Short descriptive text snippets ::
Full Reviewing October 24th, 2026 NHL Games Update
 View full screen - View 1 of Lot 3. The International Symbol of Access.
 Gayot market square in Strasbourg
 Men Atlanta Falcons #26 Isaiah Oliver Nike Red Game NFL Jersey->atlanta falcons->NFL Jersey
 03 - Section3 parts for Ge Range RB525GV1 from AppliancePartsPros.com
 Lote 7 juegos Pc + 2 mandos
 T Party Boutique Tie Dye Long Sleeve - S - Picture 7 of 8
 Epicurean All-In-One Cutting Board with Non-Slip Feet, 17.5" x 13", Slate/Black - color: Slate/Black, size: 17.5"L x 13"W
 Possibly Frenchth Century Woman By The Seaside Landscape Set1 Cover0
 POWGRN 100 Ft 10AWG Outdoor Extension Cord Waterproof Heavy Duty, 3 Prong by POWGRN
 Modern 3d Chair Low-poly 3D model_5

Exercise ::
Only the lines from the line with "T Party Boutique" to the final line of the entries are to be returned, each exactly as written, both ends included.

The completed task ::
 T Party Boutique Tie Dye Long Sleeve - S - Picture 7 of 8
 Epicurean All-In-One Cutting Board with Non-Slip Feet, 17.5" x 13", Slate/Black - color: Slate/Black, size: 17.5"L x 13"W
 Possibly Frenchth Century Woman By The Seaside Landscape Set1 Cover0
 POWGRN 100 Ft 10AWG Outdoor Extension Cord Waterproof Heavy Duty, 3 Prong by POWGRN
 Modern 3d Chair Low-poly 3D model_5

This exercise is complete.